PHILADELPHIA — Bill Cosby on Monday lost one of the biggest legal battles leading up to his looming sex-assault trial when a Montgomery County judge ruled that prosecutors can tell jurors about damaging, decade-old testimony in which Cosby acknowledged offering drugs to women he wanted to seduce.

The decision means the once-sealed 2005 deposition that led District Attorney Kevin R. Steele’s office last year to reopen the investigation and charge the entertainer can become a pillar of the evidence offered to try to convict him.

Cosby’s lawyers argued that he agreed to the deposition – taken to resolve a lawsuit by his accuser, Andrea Constand – only because he had been promised by a previous district attorney that he would never be charged in connection with her claims.

But Judge Steven T. O’Neill concluded that no such agreement existed.

“There was neither an agreement nor a promise not to prosecute,” he wrote, “only an exercise of prosecutorial discretion.”

O’Neill’s six-page ruling marked a significant victory for prosecutors and the latest setback for the 79-year-old comedian-actor as he inches toward a trial the judge has said he wants to begin by June.

Cosby’s lawyers declined to comment on the latest ruling.

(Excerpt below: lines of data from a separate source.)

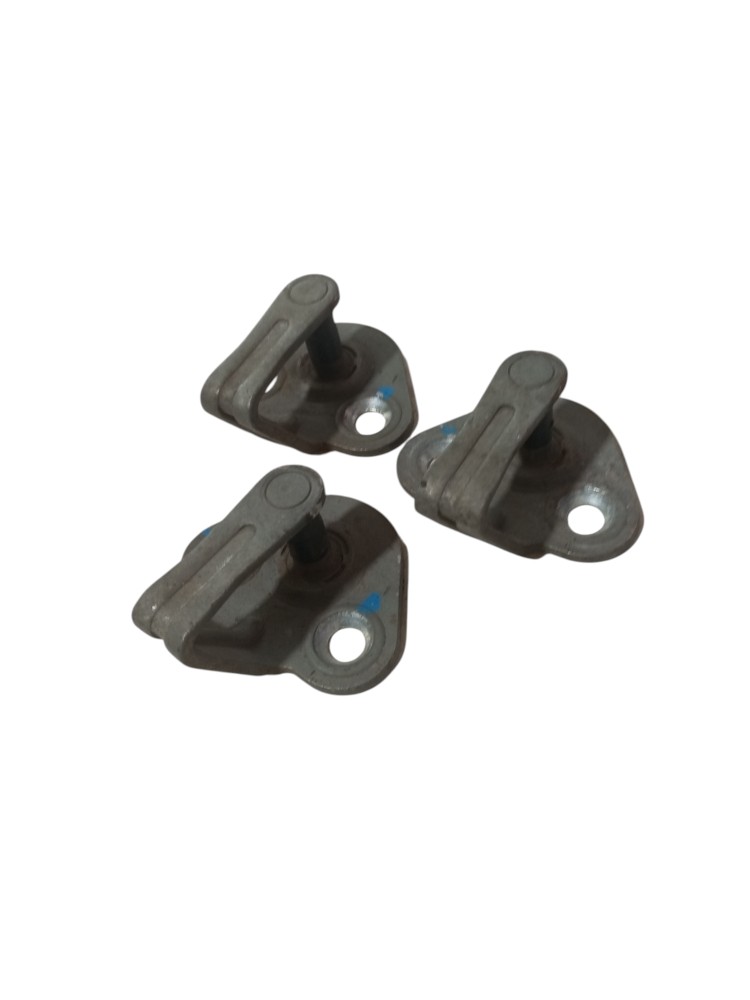 Baternte Fechadura Porta Fiat Stilo 2003 2005 2007 2010 3un 3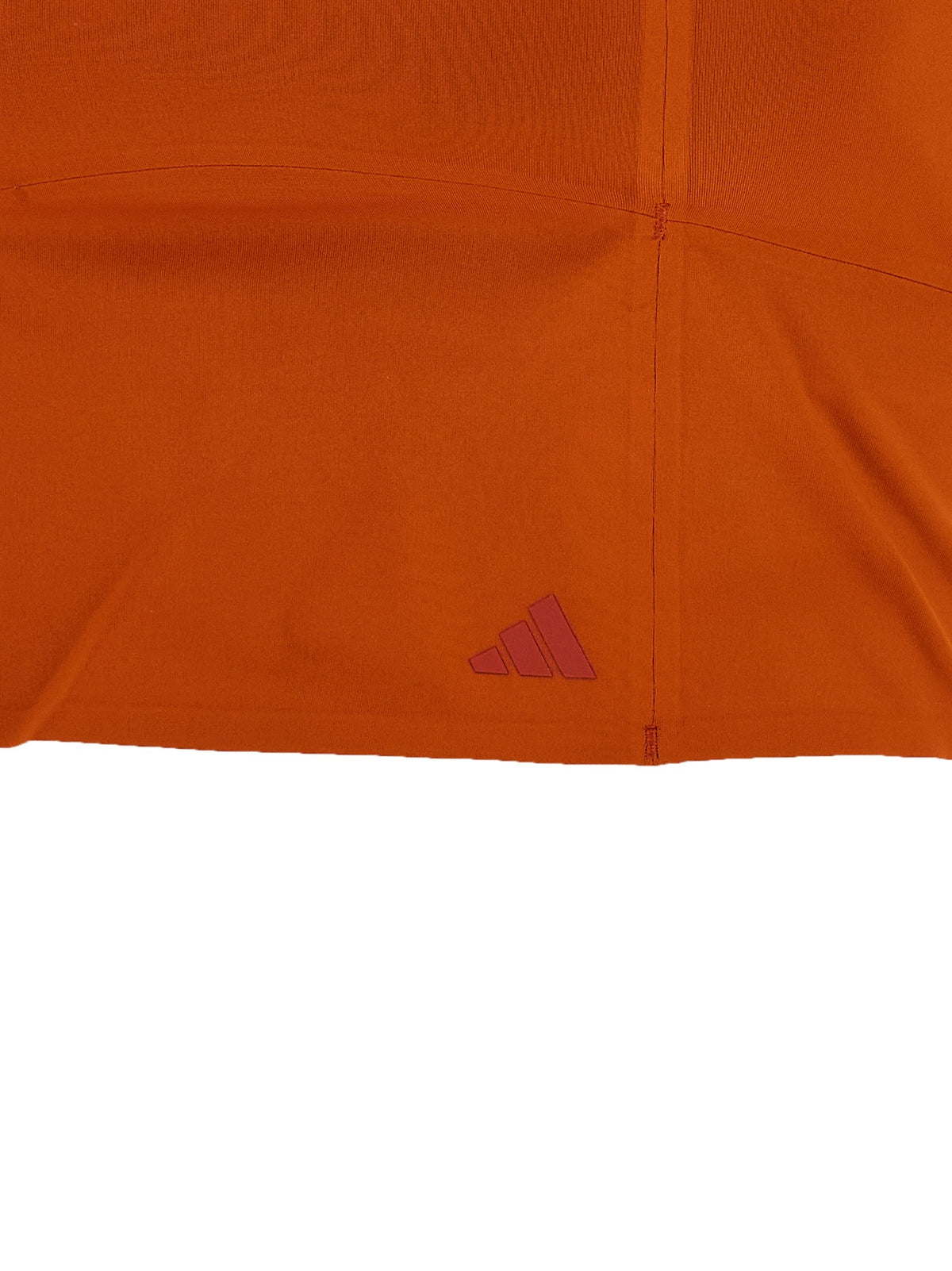 Adidas Statement Training Crop Top Adidas Entire Studios Orange, view 4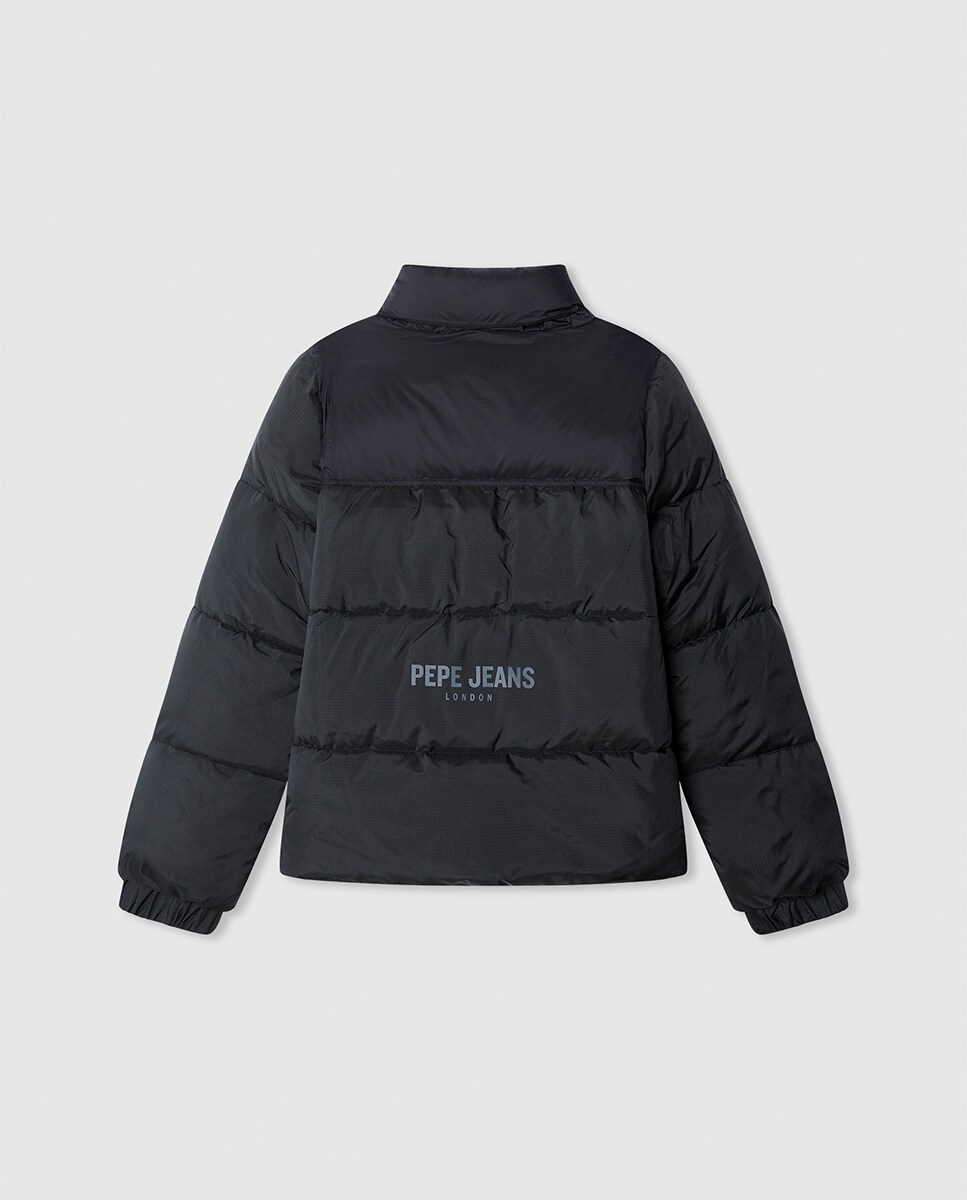 Casaco Acolchoado Cash Preto-2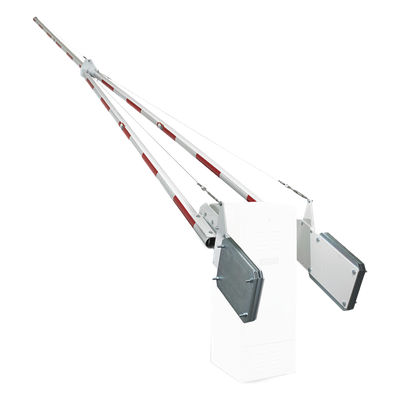 Brazo Tubular de Aluminio / 20 ft (6.09 m) / Perfil Redondo / 3 Piezas / Serie 1602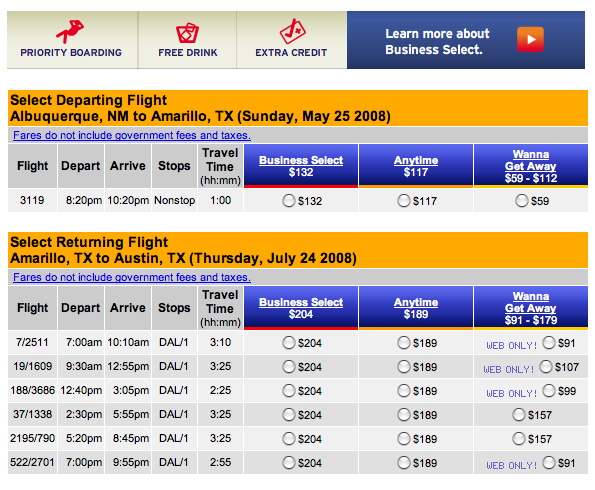 Southwest Fare Name Change We Told ‘Em PlaneBuzz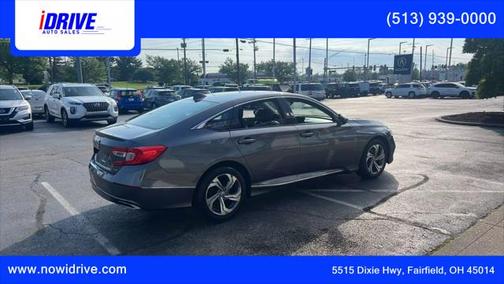 2018 Honda Accord EX-L 2.0T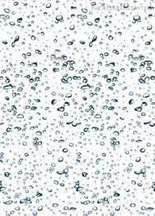 Plakat 606 Bubbles krople wody
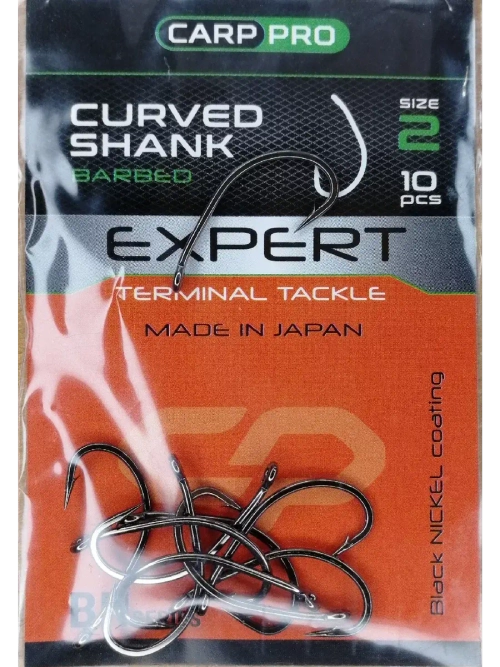 Крючок Curved Shank BN №2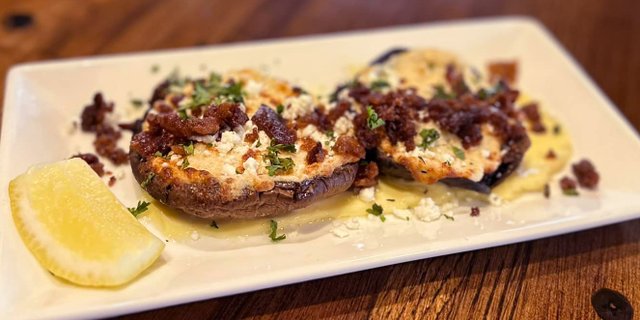 Stuffed Portobello Mushrooms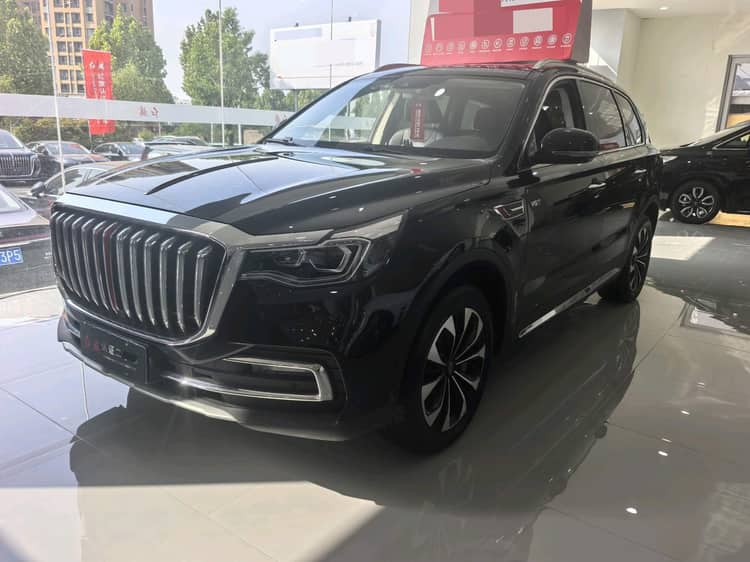 HongQi HS7 2022 3.0T Automatic Four-wheel Drive Smart Union Flag Edition Five - View 1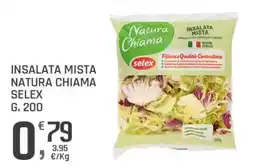 Supermercati Dok INSALATA MISTA NATURA CHIAMA SELEX offerta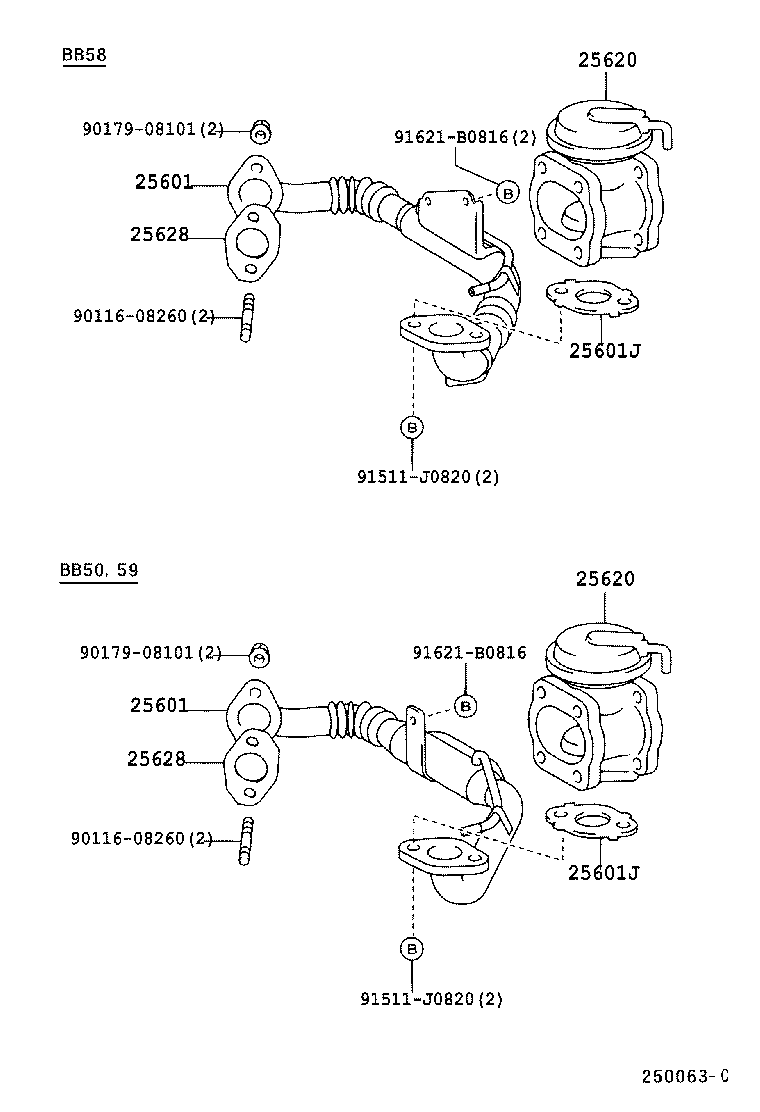  COASTER |  EXHAUST GAS RECIRCULATION SYSTEM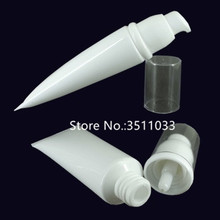 50ML 50G 30 Uds 50 Uds blanco vacío elegante cosmético crema rellenable contenedor de tubos manguera de plástico blanco tubo suave de bomba sin aire 2024 - compra barato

Steele praised it.

“Allowing the jury to hear Mr. Cosby’s deposition testimony is another step forward in this case and will aid the jury in making its determination,” he said in a statement. “It’s important that we are able to present all of the evidence available.”

Since he was charged last year with three felony counts of aggravated indecent assault, Cosby has lost on every issue he has raised with the court, including a bid to have the case thrown out based on the same purported 2005 oral agreement with then-District Attorney Bruce L. Castor Jr.